Work to complete —
The answer is the line with "Delos Skandi taklampa" and every line after it to the end of the listing, retyped exactly. Pictures do not belong in it.

----- Dataset content -----

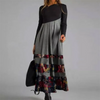 Women Ramadan /Eid Fashion Casual Print Round Neck Long Sleeve Maxi Dress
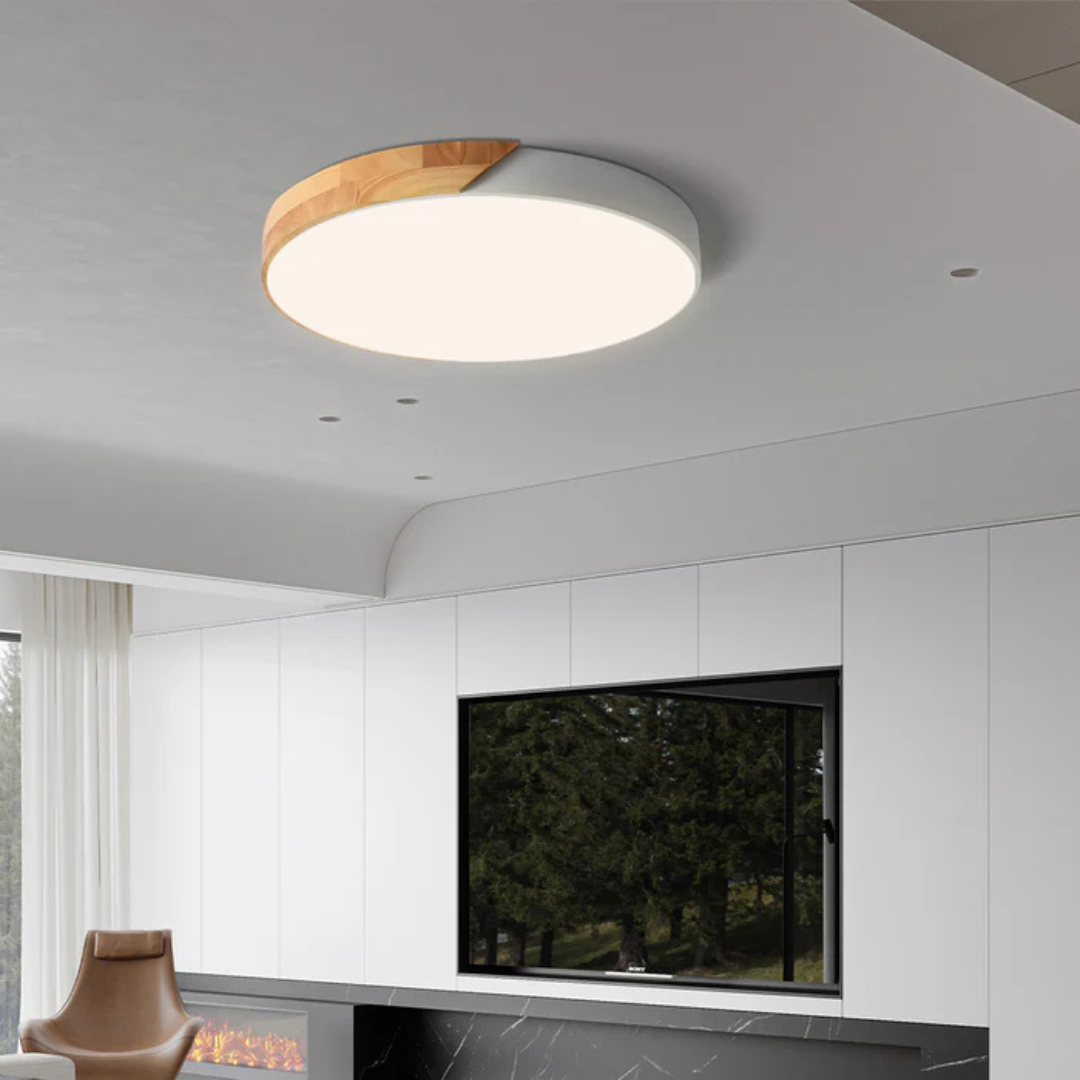 Delos Skandi taklampa i trä | Naturlig LED-designbelysning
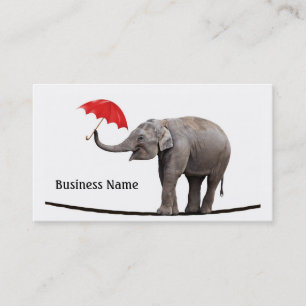 Tarjeta De Visita Elefante en una cuerda tirante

-----

The completed task —
 Delos Skandi taklampa i trä | Naturlig LED-designbelysning
 Tarjeta De Visita Elefante en una cuerda tirante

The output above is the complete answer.